Next to the kitchen was the Haard (living room) - a big room which was seldom used. We would use it once a year when all the aunts and uncles came over or in the wintertime when it got real cold. There was no stove until much later. Mother would build a woodfire in the fireplace, and usually on Fridays, she would make pancakes over this open fire. This was fun for us kids because we could play with fire and get away with it. It wasn't too dangerous as there were no rugs or mats on the floor.

Next was the bedroom for the girls. The bed was built in a kind of a cove: a brick wall with a square hole. About 50 cm off the ground there was a platform held up by round poles. On top of the platform was a mattress of straw held together with jute material. On top of that were two sheets and blankets. There was no electric light and no heat - summer or winter. In front of the square opening, a curtain usually hung for privacy.
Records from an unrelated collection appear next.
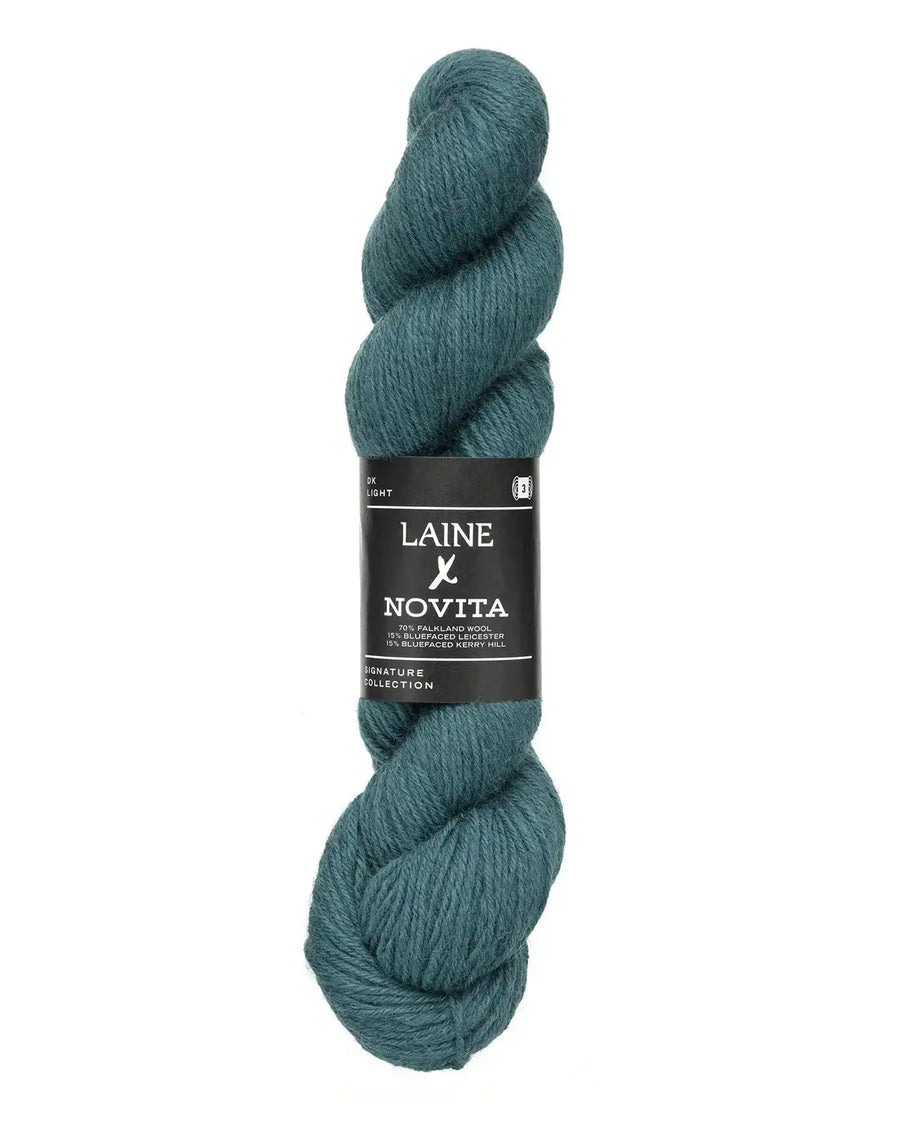 novita-laine-dk-1661-heathered-teal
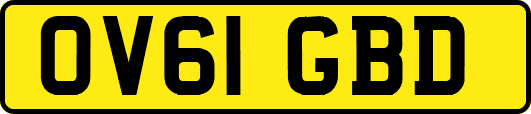 OV61GBD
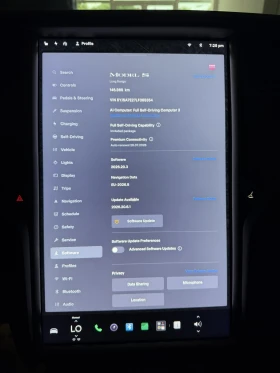Tesla Model S long range Raven �������FSD | Mobile.bg � ����� ������ 10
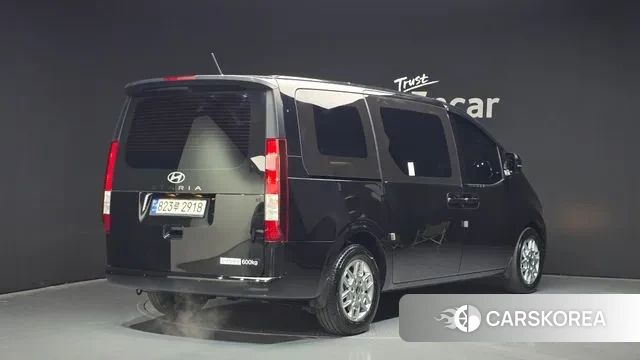 Hyundai Staria id 3462286 из Кореи 12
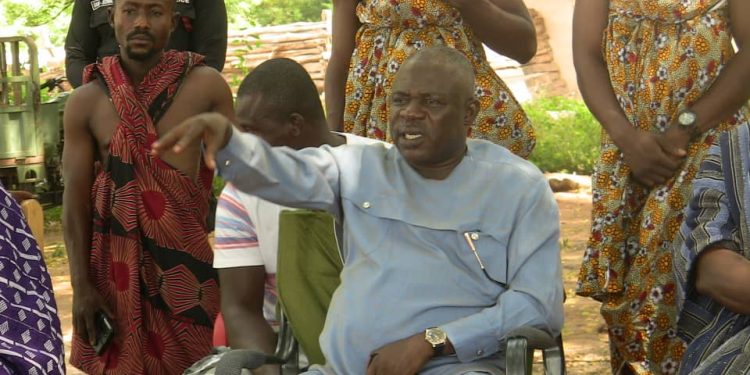 Drug abuse among students in Ejura  is on the rise  – Ejurahene
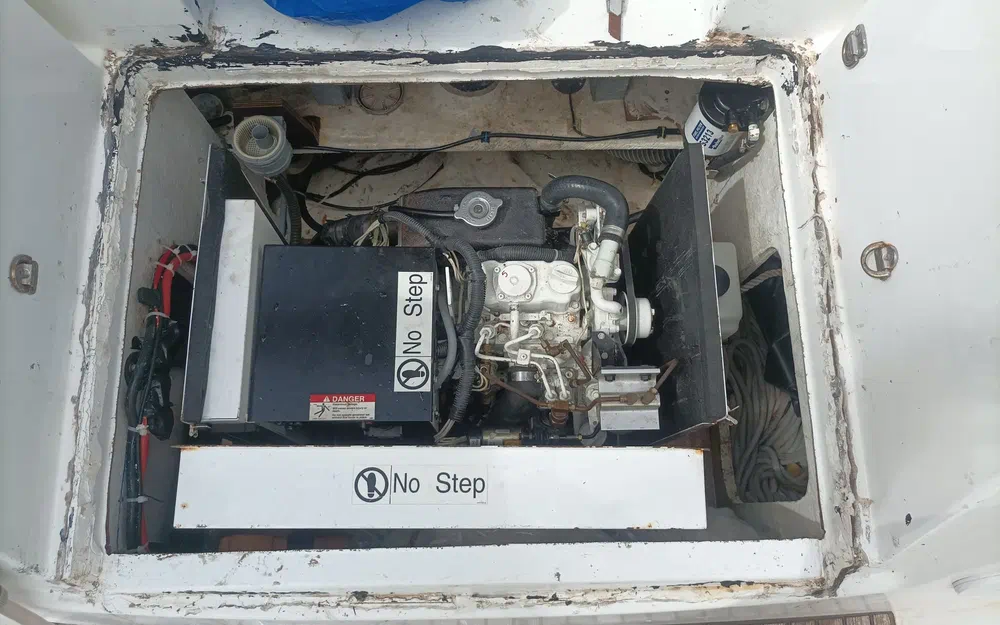 slider 35 Jeanneau Sun Odyssey 45 DS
Our parents' bedroom was the same layout except that instead of a big window like the girls they had a small window to provide air and light. Behind their room was the rear of the house where the animals lived. Of course dad's horse was there. Mom's pets, our cow and goat, which she milked twice a day were also there. We had enough grass to keep the animals alive. In a good summer, we could even make a little hay. Above the cow and horse stables was a hilt - a place to store hay. This was a fantastic place for us youngsters to play hide and seek. Between the cow on one side and the horse on the other was quite a large space called the (deel) dale. Underneath the ground (we later learned) was a hole with walls made of brick. In this hole, ground water collected and supplied our household with the necessary refreshments.

Behind the kitchen was the geut - a place with a floor made out of brick cemented in on the flat side. In one corner was the pump. Along the outside wall was a Dutch door, which is a door cut in half. With this door, you could open the top half and keep the bottom closed so that the chickens and dogs couldn't wander into the house. This room was used mostly for cleaning and scrubbing our wooden shoes (klompen), pots and pans, vegetables, meat, and of course, kids - like me and my brother and sisters.

Between the geut and the horse stable was the cellar. It was about a meter deep and was the dampest place you will ever find. Only kelderzogge could live there. But it was a good place to salt our pig. Each year, one pig would make its way, in pieces, into this place. Above this was the kelderzolder - cellar ceiling, about a meter off the ground. The trapdoor to the cellar was also the steps to our, Jan and my, bedroom. It was the same design as the other "bedstay" except that it was made of wood. Above all of this was another floor. It was accessible only by ladder. In later years, like when I was 13, I made real steps up and moved our bed upstairs, where we had lots of space to horse around.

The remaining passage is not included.